Although Africa is home to a huge proportion of the world's languages – well over a quarter according to some estimates - many are missing when it comes to the development of artificial intelligence (AI).

This is both an issue of a lack of investment and readily available data. Most AI tools, such as ChatGPT, used today are trained on English as well as other European and Chinese languages. These have vast quantities of online text to draw from.

But as many African languages are mostly spoken rather than written down, there is a lack of text to train AI on to make it useful for speakers of those languages. For millions across the continent, this means being left out.

Researchers trying to address this issue recently released the largest known dataset of African languages, developing AI-ready datasets in 18 African languages through the African Next Voices project.

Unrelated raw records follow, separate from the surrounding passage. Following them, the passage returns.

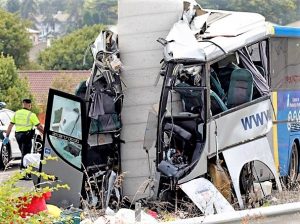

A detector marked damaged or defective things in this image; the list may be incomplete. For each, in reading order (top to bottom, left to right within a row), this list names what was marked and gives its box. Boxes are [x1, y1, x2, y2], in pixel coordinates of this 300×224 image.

destroyed bus [150, 2, 300, 209]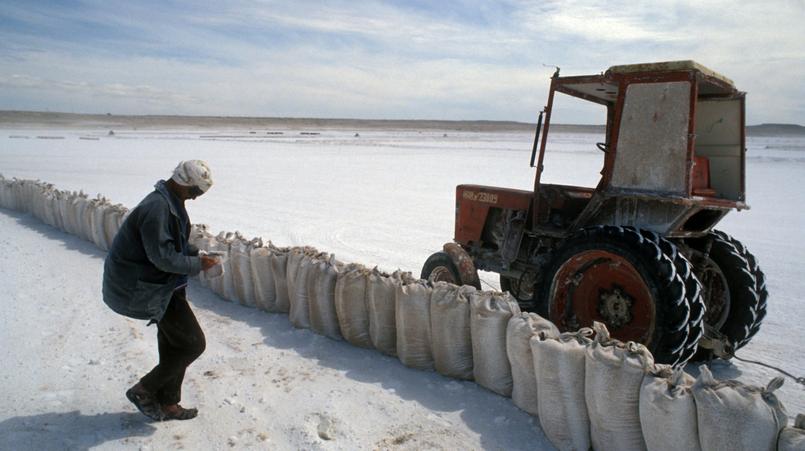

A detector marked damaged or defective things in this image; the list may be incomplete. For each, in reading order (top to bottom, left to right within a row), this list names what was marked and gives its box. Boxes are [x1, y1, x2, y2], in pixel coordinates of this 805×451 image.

rusty metal panel [608, 82, 692, 195]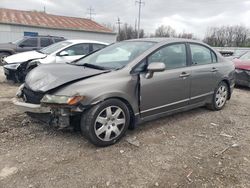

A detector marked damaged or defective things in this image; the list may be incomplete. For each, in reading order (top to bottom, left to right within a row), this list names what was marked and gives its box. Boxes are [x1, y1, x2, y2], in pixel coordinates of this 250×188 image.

crumpled hood [25, 63, 106, 92]
damaged honda civic [14, 38, 235, 147]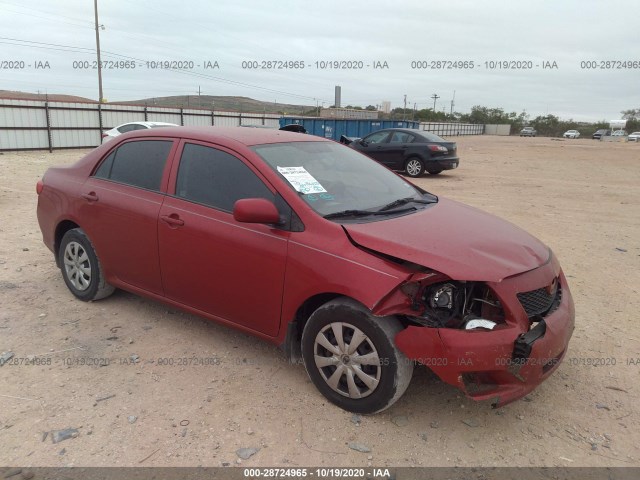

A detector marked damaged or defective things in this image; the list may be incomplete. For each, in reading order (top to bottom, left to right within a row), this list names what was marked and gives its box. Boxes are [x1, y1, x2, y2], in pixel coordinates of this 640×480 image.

crumpled hood [344, 198, 552, 284]
damaged front end [370, 253, 576, 406]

In two years, the team recorded 9,000 hours of speech across Kenya, Nigeria, and South Africa, capturing everyday scenarios in farming, health, and education. The project is backed by a $2.2 million Gates Foundation grant and aims to make this data accessible for developers to create tools in local languages.

Farmers like Kelebogile Mosime are already benefiting from technology like the AI-Farmer app, which helps solve various farming challenges in the user's home language. The hope is that these efforts will not only enhance access to technology but also allow for greater representation of African culture and history through language.

As Prof. Marivate notes, Language is access to imagination and integrating indigenous languages into AI is crucial for preserving knowledge and understanding within communities.